Data extracted from a collection:

- Opening Delimiter -

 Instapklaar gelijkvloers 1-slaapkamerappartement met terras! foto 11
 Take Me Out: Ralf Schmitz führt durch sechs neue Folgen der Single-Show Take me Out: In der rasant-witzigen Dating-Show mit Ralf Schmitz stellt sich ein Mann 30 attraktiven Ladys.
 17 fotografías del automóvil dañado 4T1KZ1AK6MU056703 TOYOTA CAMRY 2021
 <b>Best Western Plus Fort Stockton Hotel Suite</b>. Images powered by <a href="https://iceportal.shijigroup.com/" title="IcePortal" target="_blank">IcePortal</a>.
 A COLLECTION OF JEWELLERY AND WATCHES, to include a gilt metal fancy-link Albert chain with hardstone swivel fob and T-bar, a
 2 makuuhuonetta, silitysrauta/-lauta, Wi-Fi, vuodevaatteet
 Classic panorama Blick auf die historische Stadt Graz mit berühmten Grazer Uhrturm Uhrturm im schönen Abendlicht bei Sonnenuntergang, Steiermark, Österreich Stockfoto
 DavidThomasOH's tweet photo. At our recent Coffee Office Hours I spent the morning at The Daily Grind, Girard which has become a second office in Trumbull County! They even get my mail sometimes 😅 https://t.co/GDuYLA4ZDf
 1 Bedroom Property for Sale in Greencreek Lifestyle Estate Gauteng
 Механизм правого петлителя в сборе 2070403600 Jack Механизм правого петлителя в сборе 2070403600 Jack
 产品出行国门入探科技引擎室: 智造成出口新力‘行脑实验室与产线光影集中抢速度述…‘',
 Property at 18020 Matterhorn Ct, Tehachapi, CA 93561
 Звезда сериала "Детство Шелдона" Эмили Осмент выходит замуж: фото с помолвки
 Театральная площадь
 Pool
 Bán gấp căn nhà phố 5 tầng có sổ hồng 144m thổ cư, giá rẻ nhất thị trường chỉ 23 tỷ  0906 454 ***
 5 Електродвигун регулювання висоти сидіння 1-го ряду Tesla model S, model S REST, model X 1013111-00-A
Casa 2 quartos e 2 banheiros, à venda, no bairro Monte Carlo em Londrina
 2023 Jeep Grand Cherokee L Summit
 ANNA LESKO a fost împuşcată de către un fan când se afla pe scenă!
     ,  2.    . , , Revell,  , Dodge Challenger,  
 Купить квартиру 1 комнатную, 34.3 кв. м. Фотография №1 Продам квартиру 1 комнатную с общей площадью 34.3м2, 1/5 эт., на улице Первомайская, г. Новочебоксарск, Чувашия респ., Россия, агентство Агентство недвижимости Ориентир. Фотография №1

- Closing Delimiter -

Exercise objective ->
The string "Property" marks the lines to copy; report each of them from the data above.

Output for this task ->
 1 Bedroom Property for Sale in Greencreek Lifestyle Estate Gauteng
 Property at 18020 Matterhorn Ct, Tehachapi, CA 93561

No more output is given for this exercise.